How Will My Doctor Know If I Have Diabetes?
There are a few tests which your doctor can do to find out if you have Diabetes.
- Firstly, your doctor should ask you a series of questions to find out what symptoms you are having. He may also choose to examine you as part of a routine physical examination.
- Your doctor can take a "finger-prick" test, and using a small drop of blood from your finger, he should be able to know your blood sugar level at that time. If this blood test result is high, in addition to some of the symptoms described above, he may be able to tell you whether or not you have diabetes.
- Another test you doctor can do is to send your blood sample to a lab to get a reading called "HbA1c". What this tells is your sugar control over the last three months. This is a useful tool in monitoring someone who already had diabetes, and can also be used to diagnose someone who does not know if they already have diabetes.
Can I Live With Diabetes?
While all of this may sound intimidating, there is always one question going through the patient's mind: what does this mean for my quality of life? Can I live with Diabetes?
The answer to that is: absolutely! While you may have to take extra caution in things you eat and what medication you need to take, it is very possible to live a normal life with diabetes.
It is important for a diabetic patient to control their blood sugar levels as uncontrolled diabetes can have harmful effects on the body.

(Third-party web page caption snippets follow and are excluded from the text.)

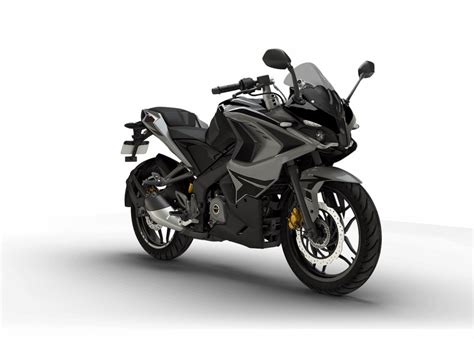 Hence, we have taken all the efforts just to bring you the complete. Ray Superbike: Modenas RS200 and NS200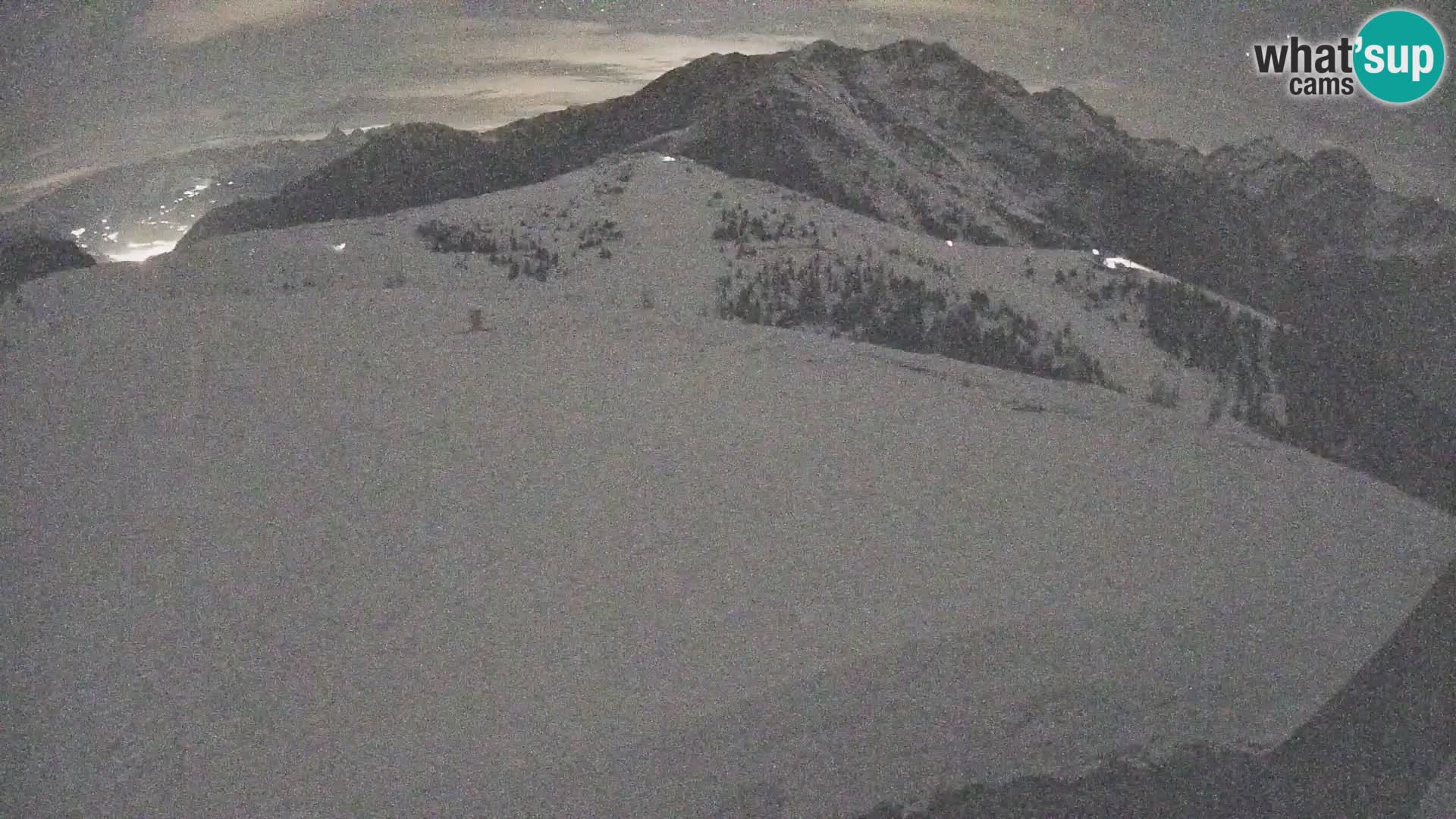 Gitschberg Jochtal | Steinermandl | Rio Pusteria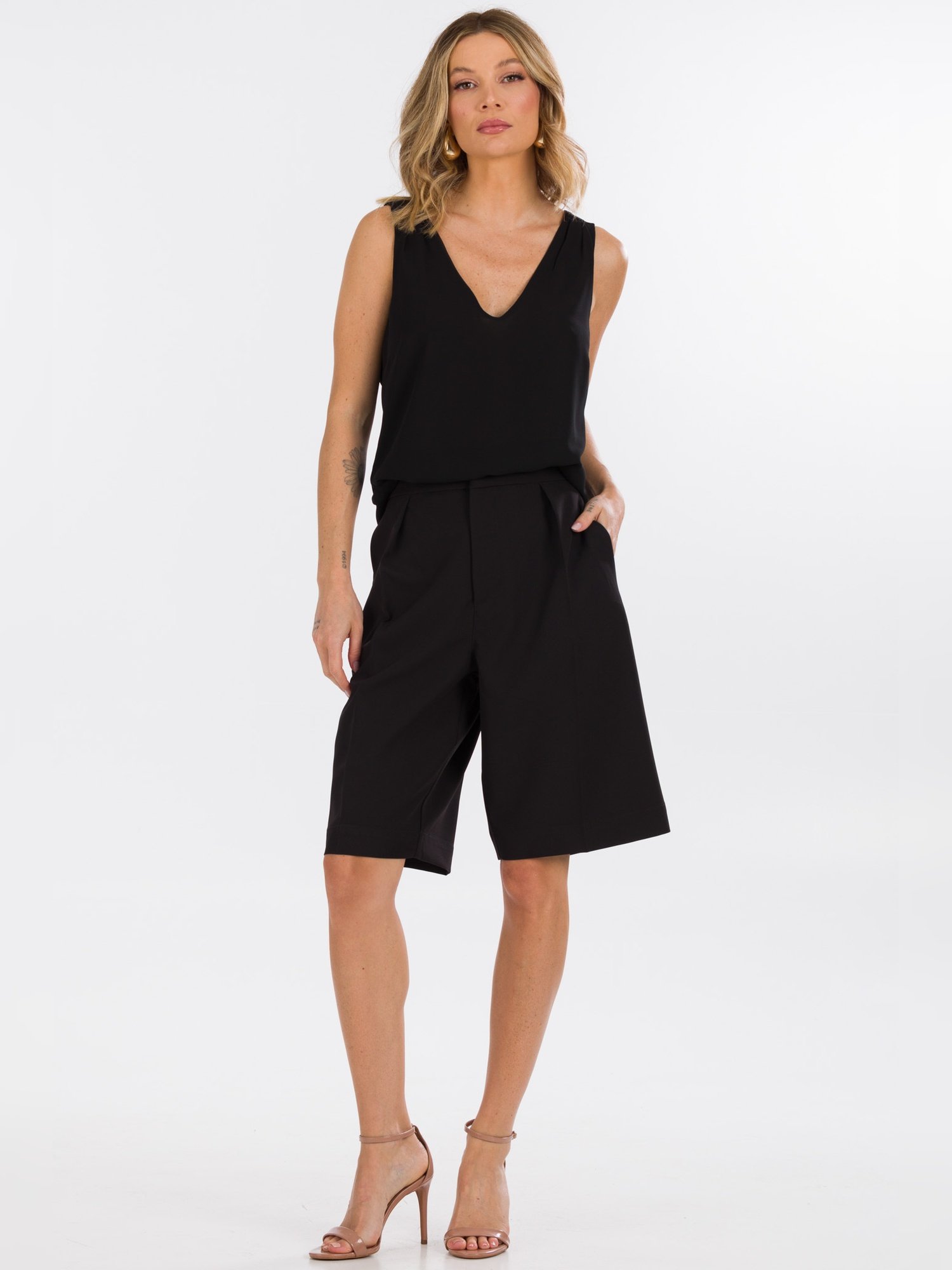 df2a3a5a3f13e83baf441cb4d9802c4b jpg 8018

But what exactly are the effects that diabetes can have on the body? What do I need to know about the treatment of diabetes?
In my next article, I plan on exploring the complications of diabetes and the different treatment options that are available for the patient with diabetes.
It is important to recognize that Diabetes is not a death-sentence, and with proper control and attention to lifestyle, a diabetic patient can live a normal life.
This article is meant for information purposes only and is not meant as a substitute for medical advice from your General Practitioner.